Robust timing closure in scan shift using sequential gates

31 May 2011

Figure 1
Figure 1

SOCs use scan structures to detect manufacturing faults in design, but the scan chains are prone to failure too, as Amol Agarwal and Abhishek Mahajan report

All modern day SOCs use scan structures to detect any manufacturing faults in design. Scan chains designed for testing, connect sequential elements of chip in serial order.

Due to absence of combinational logic between the scan elements, these scan chains are prone to hold failures. Moreover in sub-90 nm technologies, the OCV ( On Chip Variation ) has huge impact on timing margins.
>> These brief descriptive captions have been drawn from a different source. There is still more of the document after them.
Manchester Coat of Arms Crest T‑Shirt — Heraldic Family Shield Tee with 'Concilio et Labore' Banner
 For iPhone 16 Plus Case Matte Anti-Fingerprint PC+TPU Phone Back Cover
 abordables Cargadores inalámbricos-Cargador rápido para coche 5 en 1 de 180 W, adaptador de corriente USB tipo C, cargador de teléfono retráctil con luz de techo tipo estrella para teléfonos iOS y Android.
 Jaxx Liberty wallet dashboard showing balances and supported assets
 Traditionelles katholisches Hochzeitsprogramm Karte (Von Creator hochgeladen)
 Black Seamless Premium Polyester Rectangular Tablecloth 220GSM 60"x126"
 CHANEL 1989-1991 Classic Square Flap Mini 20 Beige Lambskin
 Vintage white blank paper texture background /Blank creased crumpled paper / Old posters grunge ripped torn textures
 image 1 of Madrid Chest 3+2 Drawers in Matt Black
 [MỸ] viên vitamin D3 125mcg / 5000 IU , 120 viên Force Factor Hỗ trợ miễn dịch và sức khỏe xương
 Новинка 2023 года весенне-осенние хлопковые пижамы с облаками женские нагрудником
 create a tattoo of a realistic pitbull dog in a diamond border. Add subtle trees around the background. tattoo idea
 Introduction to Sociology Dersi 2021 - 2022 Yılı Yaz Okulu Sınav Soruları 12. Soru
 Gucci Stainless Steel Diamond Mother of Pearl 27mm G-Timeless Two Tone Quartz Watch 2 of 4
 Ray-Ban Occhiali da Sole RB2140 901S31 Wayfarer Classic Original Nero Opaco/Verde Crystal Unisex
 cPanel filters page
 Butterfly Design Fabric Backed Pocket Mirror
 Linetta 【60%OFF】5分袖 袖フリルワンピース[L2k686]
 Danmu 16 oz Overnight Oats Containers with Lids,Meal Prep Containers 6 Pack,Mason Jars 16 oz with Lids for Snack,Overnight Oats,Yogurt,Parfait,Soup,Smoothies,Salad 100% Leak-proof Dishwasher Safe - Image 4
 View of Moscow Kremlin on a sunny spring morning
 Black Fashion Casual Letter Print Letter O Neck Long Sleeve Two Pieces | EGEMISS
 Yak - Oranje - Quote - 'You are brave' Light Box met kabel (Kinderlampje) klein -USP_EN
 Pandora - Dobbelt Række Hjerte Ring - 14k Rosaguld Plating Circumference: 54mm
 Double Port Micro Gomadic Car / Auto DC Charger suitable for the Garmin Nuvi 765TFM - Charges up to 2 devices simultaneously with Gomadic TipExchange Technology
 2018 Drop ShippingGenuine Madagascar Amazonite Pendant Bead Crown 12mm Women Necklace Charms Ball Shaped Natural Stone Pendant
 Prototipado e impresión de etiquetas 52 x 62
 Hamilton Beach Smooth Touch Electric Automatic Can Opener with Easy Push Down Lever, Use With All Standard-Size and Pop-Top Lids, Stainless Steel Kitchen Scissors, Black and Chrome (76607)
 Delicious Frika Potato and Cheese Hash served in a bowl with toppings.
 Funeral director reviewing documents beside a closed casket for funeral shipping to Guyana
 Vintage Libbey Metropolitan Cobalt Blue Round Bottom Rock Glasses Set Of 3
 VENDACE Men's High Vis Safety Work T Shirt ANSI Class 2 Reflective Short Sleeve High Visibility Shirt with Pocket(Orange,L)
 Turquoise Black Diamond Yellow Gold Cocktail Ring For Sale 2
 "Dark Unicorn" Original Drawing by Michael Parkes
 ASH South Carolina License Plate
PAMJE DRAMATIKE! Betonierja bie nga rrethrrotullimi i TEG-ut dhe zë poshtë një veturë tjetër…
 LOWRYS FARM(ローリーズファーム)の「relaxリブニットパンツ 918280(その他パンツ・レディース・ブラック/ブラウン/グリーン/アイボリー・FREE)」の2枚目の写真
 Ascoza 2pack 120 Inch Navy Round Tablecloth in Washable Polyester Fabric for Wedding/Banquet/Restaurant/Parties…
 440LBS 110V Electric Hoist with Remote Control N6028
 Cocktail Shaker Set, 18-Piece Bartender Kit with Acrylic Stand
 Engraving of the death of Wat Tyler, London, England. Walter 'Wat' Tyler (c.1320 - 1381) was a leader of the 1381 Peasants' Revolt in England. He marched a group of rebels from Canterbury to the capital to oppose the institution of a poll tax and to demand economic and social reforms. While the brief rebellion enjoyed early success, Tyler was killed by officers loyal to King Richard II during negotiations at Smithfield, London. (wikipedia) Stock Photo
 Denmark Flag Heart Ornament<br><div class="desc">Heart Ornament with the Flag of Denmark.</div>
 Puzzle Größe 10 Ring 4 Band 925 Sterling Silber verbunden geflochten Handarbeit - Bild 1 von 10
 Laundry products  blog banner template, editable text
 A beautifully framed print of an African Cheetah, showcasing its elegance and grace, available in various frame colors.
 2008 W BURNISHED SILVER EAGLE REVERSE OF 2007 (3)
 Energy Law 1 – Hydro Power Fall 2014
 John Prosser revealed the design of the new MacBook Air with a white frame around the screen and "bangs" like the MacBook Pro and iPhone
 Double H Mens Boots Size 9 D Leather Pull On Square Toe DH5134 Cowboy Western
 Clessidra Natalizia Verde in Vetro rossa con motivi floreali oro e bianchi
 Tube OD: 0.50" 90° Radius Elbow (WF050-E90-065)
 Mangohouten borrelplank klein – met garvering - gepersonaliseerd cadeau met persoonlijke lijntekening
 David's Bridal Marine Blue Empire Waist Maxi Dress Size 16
So unless design is timing signed off across multiple corners, there is a high chance of hold failures, especially in hold critical paths like scan chains.

These hold failures make the chip unusable in real applications (even though chip may be fully operational in functional scenario), and if found on silicon will lead to yield loss and hence potentially huge revenue loss to design companies. So we need to design a robust scan structure to tackle the above problems.

In this article we will start with quick revision of timing basics of flops and latches before going on to discuss scan chains and associated timing closure challenges with them. We will then explain the use of latches and flops in scan chains to create robust scan structure that will be immune to timing failures in sub-90 nm technologies. We will cover best possible solution to meet timing requirements for all possible combinations of sequential elements in scan chain.

Quick Re-cap of Set-up/Hold timing

Flip-Flops and Latches are the two basic building blocks of a sequential circuit. A flip-flop changes its state at the active edge (positive or negative) of the clock pulse applied. The flop simply retains its output when there is no active clock edge.

On the other hand, the latch is a level sensitive device which continuously samples its input and correspondingly changes its output on active pulse level (positive or negative) of some enable signal. A flip-flop has master slave configuration having two latches in cascade working on opposite active level. A flip flop area is almost twice the latch area

In order to design synchronous designs, we need to ensure that output of flops/latches is not metastable. This can be ensured by meeting setup and hold checks in design

In a flop 1-1 is hold check while 1-3 is setup check (Fig1) for single cycle operation. We need to make sure that data launched by flop1 is captured by flop2 before the next active edge. At the same time we need to make sure that data launched by flop1 is not captured by flop2 on the same active edge.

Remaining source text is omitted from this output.